▶ **RECORDS TO USE**

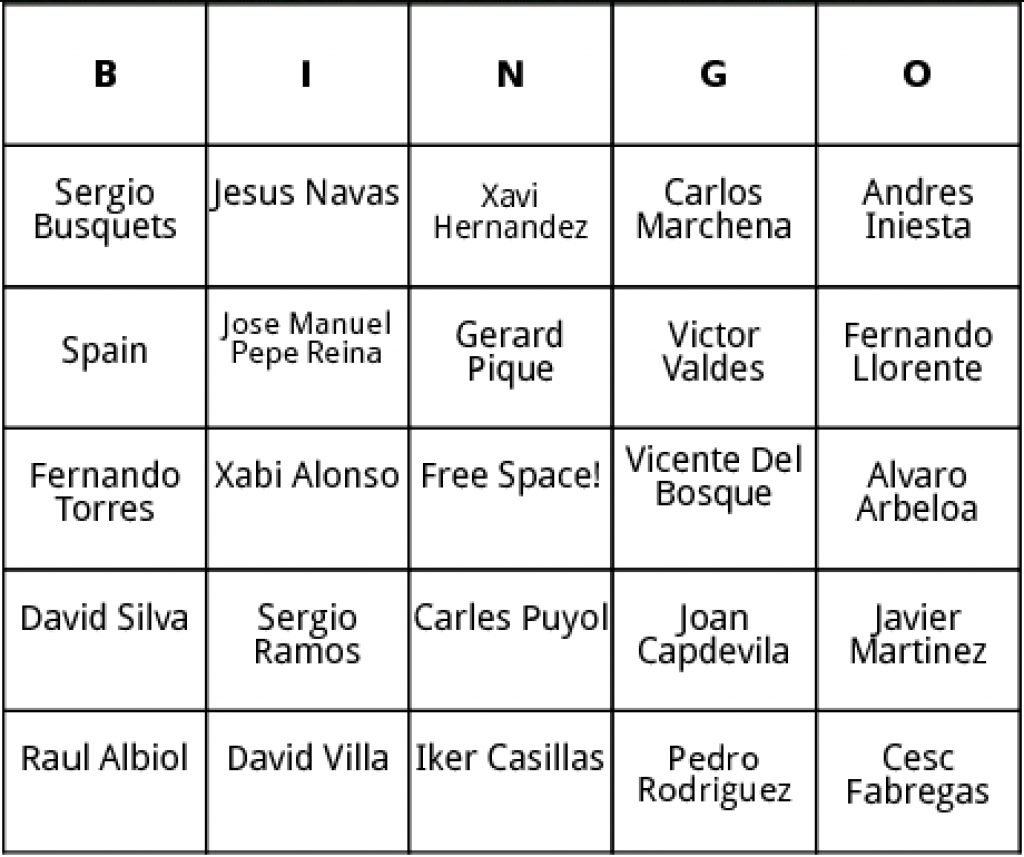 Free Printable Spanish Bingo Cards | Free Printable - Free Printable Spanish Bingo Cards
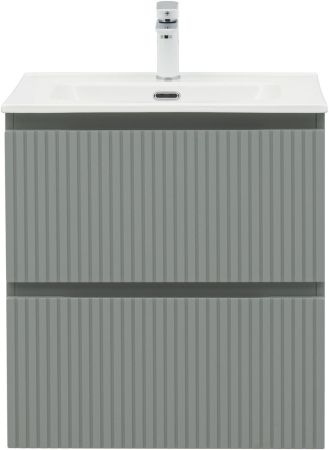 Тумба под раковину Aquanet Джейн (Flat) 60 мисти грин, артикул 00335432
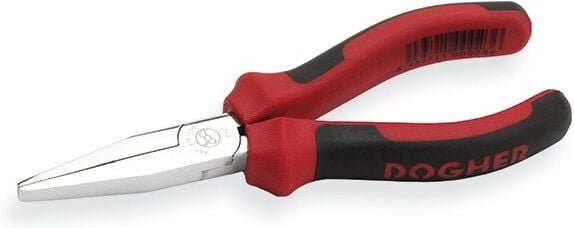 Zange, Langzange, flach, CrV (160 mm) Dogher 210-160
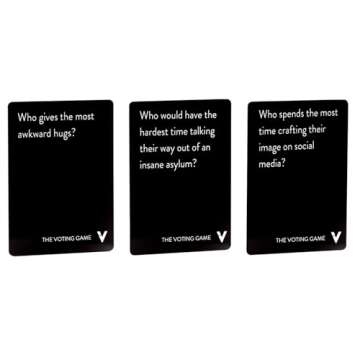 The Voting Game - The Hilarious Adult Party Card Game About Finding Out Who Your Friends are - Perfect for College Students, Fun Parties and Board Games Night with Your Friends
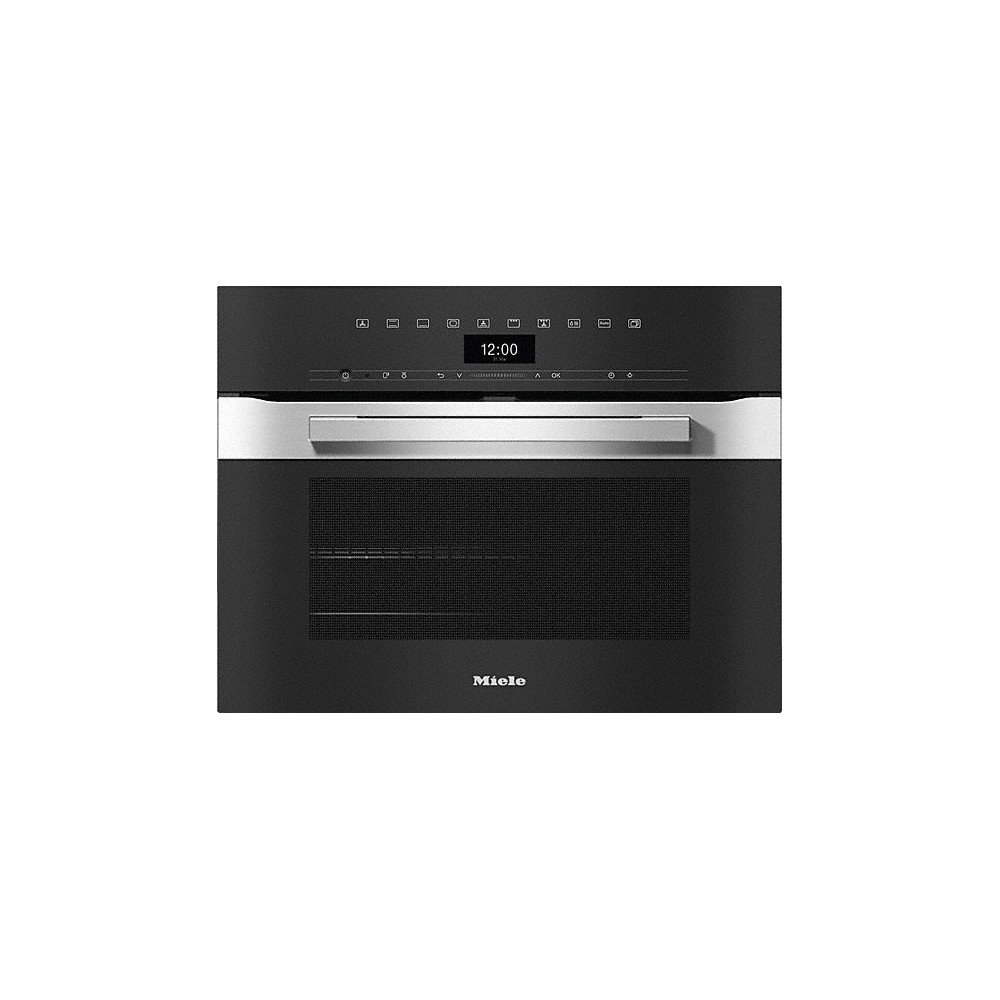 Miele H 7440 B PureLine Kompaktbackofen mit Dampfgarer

▶ **EXERCISE**
Restate the records word for word and drop the images.

▶ **ANSWER SECTION**
 Free Printable Spanish Bingo Cards | Free Printable - Free Printable Spanish Bingo Cards
 Тумба под раковину Aquanet Джейн (Flat) 60 мисти грин, артикул 00335432
 Zange, Langzange, flach, CrV (160 mm) Dogher 210-160
 The Voting Game - The Hilarious Adult Party Card Game About Finding Out Who Your Friends are - Perfect for College Students, Fun Parties and Board Games Night with Your Friends
 Miele H 7440 B PureLine Kompaktbackofen mit Dampfgarer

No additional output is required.